Name, image and likeness and the transfer portal have killed the college football so many of us reveled in for decades. Tennessee quarterback Nico Iamaleava, after signing an eight million dollar over four years NIL contract, decided to hold out by not reporting for spring practice. While he was supposed to make $2.4 million for this season but he wants more. Thankfully, Tennessee said no thanks, you aren’t that good and has moved one. Iamaleava will enter the transfer portal but I doubt he’s going to find anywhere that will pay him the four million a year he wants. Why? He just isn’t that good.
But let’s look at another aspect of the NIL system. Why, if a player is making a million dollars a year or more, do they still get free tuition, room and board and tutoring? If they are professional players they shouldn’t be on scholarships, they should be paying to play.
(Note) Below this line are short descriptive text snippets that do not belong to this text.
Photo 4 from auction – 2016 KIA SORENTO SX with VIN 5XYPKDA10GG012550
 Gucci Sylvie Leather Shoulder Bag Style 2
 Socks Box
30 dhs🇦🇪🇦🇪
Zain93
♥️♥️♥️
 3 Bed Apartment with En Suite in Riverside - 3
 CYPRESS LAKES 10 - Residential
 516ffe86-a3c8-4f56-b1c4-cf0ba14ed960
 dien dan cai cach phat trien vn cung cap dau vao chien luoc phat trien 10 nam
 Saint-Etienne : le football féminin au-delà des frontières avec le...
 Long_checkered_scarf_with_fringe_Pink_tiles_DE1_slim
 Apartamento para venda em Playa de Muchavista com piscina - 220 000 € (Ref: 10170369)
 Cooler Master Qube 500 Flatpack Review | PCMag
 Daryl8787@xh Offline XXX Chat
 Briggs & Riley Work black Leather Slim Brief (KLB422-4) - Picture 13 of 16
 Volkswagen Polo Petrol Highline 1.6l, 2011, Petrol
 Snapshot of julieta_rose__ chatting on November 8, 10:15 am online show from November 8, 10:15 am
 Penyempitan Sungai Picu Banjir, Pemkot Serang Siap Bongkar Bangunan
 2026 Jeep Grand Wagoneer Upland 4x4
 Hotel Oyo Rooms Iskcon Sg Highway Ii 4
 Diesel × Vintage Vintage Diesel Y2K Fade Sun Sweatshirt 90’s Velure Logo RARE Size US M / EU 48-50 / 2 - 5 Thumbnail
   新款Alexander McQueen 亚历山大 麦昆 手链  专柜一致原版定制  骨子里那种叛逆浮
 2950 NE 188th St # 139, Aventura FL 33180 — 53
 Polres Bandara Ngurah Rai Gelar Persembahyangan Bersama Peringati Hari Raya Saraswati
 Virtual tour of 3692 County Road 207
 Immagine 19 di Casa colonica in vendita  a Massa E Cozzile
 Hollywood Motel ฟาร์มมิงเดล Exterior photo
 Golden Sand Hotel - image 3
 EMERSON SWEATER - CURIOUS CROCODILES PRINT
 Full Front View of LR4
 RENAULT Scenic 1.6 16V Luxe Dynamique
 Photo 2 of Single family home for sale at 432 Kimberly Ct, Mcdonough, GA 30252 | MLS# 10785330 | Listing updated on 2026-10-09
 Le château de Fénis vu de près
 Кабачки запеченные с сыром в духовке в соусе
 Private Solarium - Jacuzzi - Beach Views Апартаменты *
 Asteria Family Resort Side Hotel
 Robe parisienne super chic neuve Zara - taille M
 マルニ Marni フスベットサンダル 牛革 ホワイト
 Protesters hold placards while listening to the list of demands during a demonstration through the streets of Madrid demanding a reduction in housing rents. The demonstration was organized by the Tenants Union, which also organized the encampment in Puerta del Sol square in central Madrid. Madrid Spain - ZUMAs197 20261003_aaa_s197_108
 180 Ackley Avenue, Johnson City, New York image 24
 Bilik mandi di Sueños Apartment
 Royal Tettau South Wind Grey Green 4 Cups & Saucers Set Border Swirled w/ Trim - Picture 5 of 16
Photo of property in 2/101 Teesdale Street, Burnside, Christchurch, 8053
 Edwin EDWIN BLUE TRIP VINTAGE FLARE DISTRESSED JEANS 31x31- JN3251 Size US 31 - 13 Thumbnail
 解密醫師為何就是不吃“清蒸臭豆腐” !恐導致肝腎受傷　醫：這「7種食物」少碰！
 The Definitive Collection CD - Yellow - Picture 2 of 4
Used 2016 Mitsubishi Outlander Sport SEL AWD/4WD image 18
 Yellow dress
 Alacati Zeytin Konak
NIL and the transfer portal have driven some good people like Nick Sabin out of the sport and set up a system where 18-21 year olds get to act like 30 year old professionals. The problem is all these kids have a crowd of people telling the what they should do. I have no doubt that Iamaleava didn’t decide to hold out for more money by his nineteen year old self. Somebody said, “Nico you can get more money from the school. Tell them you aren’t going to practice until they give you more money.” So he holds out even though he had already signed a contract.
The Curt Flood case changed baseball and to my mind not for the better. You remember Curt is the person who sued and won and Free Agency resulted, so you never know who you favorite players are going to be with season to season. We lost the team identity to a collection of players that changes year to year. The same thing happens with the transfer portal. We griped for years that the team owners with the most money won the most world series championships. Then they finally put a salary cap in the game but even now you don’t know who your favorite player is going to be with next year. I’m sure the players love it because there’s millions of dollars in a game I would play for free. Heck, I’d pay them to let me play.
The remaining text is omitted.